En El triunfo de la inteligencia sobre la fuerza escribí que «prefiero escuchar a hablar, porque lo que voy a decir ya me lo sé de memoria. Sin embargo, ignoro lo que me van a decir». El Dalai Lama sentencia del mismo modo: «cuando hablas, solo repites lo que ya sabes, pero cuando escuchas, quizás aprendas algo totalmente nuevo». Es cierto que la escucha permite aprendizajes novedosos, nos pone en contacto con la heterogeneidad, con la gigantesca polifonía humana, pero a pesar de saberlo hablar continúa brindándonos mucha más delectación que escuchar. De hecho, el mayor castigo que se podía infligir a alguien en las tribus arcaicas era la expulsión de la propia tribu. Si un miembro era desgajado de la pertenencia al grupo se le condenaba al más lacerante de los castigos. No es que esta persona sancionada no pudiera hablar con nadie, sino más bien se trataba de que no tuviera a nadie que le escuchara. Cualquiera puede hablar a solas, pero a solas es imposible que te escuche alguien. Es la ausencia de un oyente la característica definitoria de la soledad, y su mayor punición. El ser humano escindido de la tribu es un ser sepultado en vida, porque a partir de ese instante sufrirá la sanción de no encontrar unos tímpanos en los que sus palabras cobren sentido y tejan vínculo humano. Si nadie te escucha, entonces el que se fosiliza en nadie eres tú.

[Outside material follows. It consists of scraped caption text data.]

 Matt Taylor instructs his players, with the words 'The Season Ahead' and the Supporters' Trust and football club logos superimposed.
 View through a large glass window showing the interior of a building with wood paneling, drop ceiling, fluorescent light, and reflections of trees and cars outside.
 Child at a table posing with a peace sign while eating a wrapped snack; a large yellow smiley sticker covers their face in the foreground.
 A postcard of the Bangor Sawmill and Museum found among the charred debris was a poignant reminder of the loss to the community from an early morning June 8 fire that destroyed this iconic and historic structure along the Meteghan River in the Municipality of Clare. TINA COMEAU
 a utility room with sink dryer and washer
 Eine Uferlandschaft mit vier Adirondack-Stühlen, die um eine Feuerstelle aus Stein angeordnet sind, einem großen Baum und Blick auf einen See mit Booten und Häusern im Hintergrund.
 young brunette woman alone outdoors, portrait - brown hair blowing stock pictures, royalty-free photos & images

Las tecnologías de la comunicación han eclosionado de una manera fulgurante debido a este deseo consustancial al animal humano. Son tecnologías que facilitan que la palabra emitida o escrita y la palabra escuchada o leída puedan encontrarse en una intersección por muy abisal que sea la distancia física que segregue a sus agentes. A mí me gusta fijarme críticamente en lo poquísimo que hablan en las películas, parquedad que se acentúa si la comparamos con la extensión kilométrica de los parlamentos que pronunciamos en la cotidianidad. Los humanos hablamos tanto que sería imposible reproducirlo con un mínimo de exactitud en una película cuya duración se estandariza en torno a las dos horas. Nos encanta hablar, pero insisto en que esa acción deviene insuficiente si no hay alguien que nos escuche. Frente al «pienso, luego existo» de Descartes, propongo «me escuchas, luego existo». Y no existo de un modo cualquiera, existo como ser humano, es decir, con una vida compartida con otras vidas, que son las que me dan vida y permiten la ordenación de mi mundo afectivo. Gracias al material léxico y semántico que compartimos en esta doble acción conversada de hablar y escuchar hemos ido constituyendo el espacio compartido de nuestra humanidad. La mismidad en quien nos constituimos es el resultado incesante de las interacciones que entablamos con otras mismidades que denominamos otredades para distinguirlas de la nuestra. Al escucharnos nos prestan atención, y cuando nos atienden comprobamos que somos valiosas, que alguien nos concede un préstamo (eso es prestar atención) porque nos considera una persona importante para su mundo. Ser escuchado es el refugio en el que la interioridad que estamos siendo encuentra calor hogareño y sentido existencial. Que nos escuchen nos descosifica y nos hace personas. El dicho popular nos recuerda proverbialmente que las cosas hay que hablarlas. Sí, así es, pero sobre todo las cosas hay que escucharlas. Y a quien sobre todo hay que escuchar es a las personas.